Yes, provided the child had age-typical impulse control, a booster as an occasional (or even full time!) seat for a 40 lb 5 year old is perfectly safe.


----------



## AfricanQueen99 (Jun 7, 2008)

Just to piggy-back on the OP's topic...

My daughter is 5.5 and starting Kindergarten next week...for the first time in her life she will be out of my control and I'll likely rely on others to transport her to various play dates and activites. I'd like to start "booster training" her so that I know she is well versed in our family's booster rules while in another car.

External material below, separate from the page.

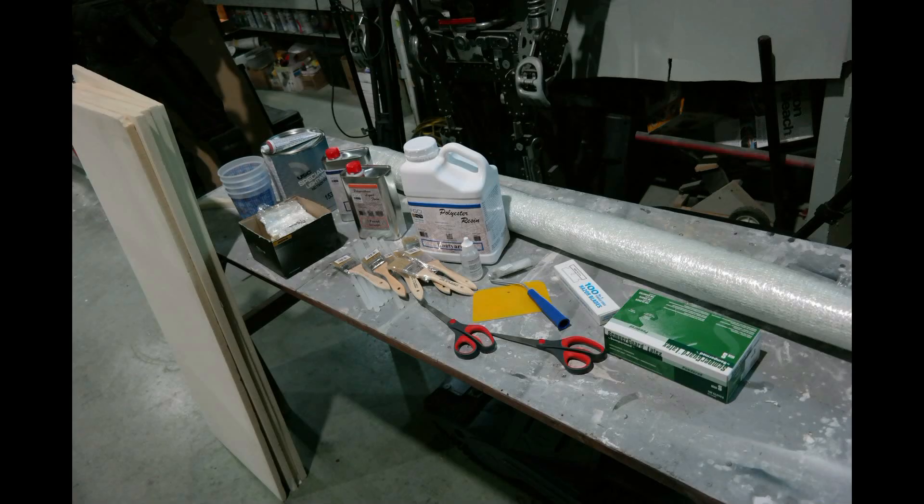Hey guys, I finally got the bumper put together. It took a whole day and about 200 bucks, so it's really a pretty good deal. You know how we all talked about what we wanted to do with the bumper.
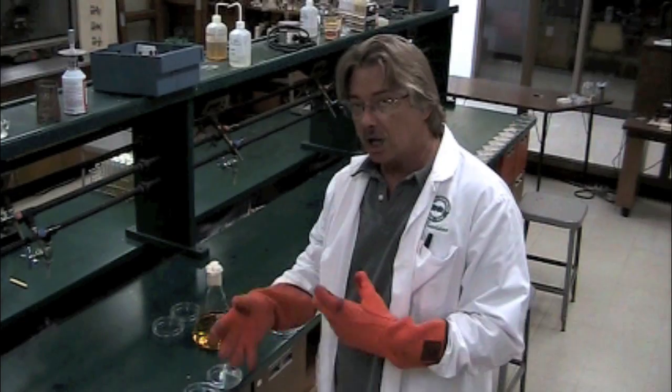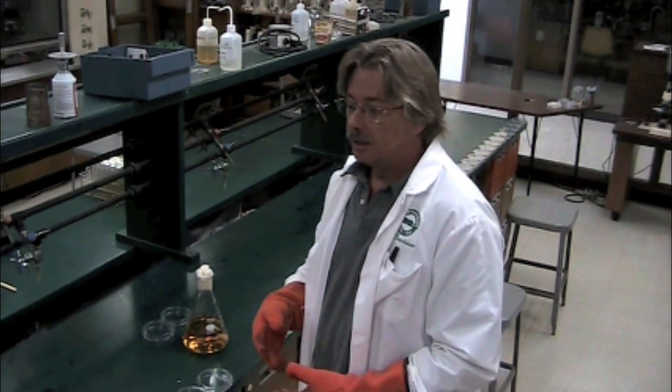We've talked about broth media, and I've shown you how we make slants and deeps. Another very common way that we transfer and grow organisms is by the petri dish or the agar plate.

My questions are:
1. Is this training basically sitting in the back with her a few times a reminding her the rules while watching how she does?
2. How is the Frontier as a HBB? That's her harnessed seat in my car and I'm fine with switching seats with my husband so she uses the HBB function in his car (if she can handle the rules/guidelines). Of course, doing this means that she will won't be harnessed anymore in his car and that scares me a little, but she needs to learn, right?

Thanks.


----------



## Maedze (Dec 16, 2008)

1. Yeah, pretty much.







Start with a few short trips, immediately correct any undesirable behavior (bending, leaning over, twisting, fiddling the belt about), reward good 'booster manners'. You'll know pretty much immediately if she can do it, or not.

2. Frontier does well as a booster. However, if you're intending for her to have a booster for *other people's* cars, I'd do something a little different. The Frontier is quite large and bulky and other parents might not be thrilled about dealing with it, especially if it has to go somewhere next to another car seat. Grab yourself a high back Graco Turbobooster (don't forget to put the screws in the armrests!!!!) to train with, and to send with her to school.


----------



## tankgirl73 (Jun 10, 2007)

Thanks everyone! I'm pretty sure my daughter will be fine with a seatbelt, she's been able to undo her chest clip for ages now but never does at inappropriate times. In many ways she's the most mature one in the family lol...


----------



## Smalls181 (May 12, 2006)

My DD was 5 in March and we have been "booster training" on and off for most of the summer. I feel it is importable to know how to ride in a booster seat properly, just like it is important for kids to know how to swim. She had one bad day with the booster, goofting off, turning around in her seat, so we took it away for a month. We just got back into booster training and she is doing well again. We talk about the importance of sitting correctly in her seat, what a huge responsibility it is, etc. I am pleased with how she is doing now.


----------